PROMPT
Print the lines in the listing below that fall between the line with "Чорний Міцубісі Lancer, об'ємом" and the line with "Trois pots de", those two lines included, exactly as they stand and with nothing else.

EXTRACTED INFORMATION
# # # # # # #
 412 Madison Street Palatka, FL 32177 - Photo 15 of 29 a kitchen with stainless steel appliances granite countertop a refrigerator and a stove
# # # # # # #
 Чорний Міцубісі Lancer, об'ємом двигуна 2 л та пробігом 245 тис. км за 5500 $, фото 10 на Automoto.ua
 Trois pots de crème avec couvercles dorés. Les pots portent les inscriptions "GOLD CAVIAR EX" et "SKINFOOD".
# # # # # # #
EXPECTED ANSWER
 Чорний Міцубісі Lancer, об'ємом двигуна 2 л та пробігом 245 тис. км за 5500 $, фото 10 на Automoto.ua
 Trois pots de crème avec couvercles dorés. Les pots portent les inscriptions "GOLD CAVIAR EX" et "SKINFOOD".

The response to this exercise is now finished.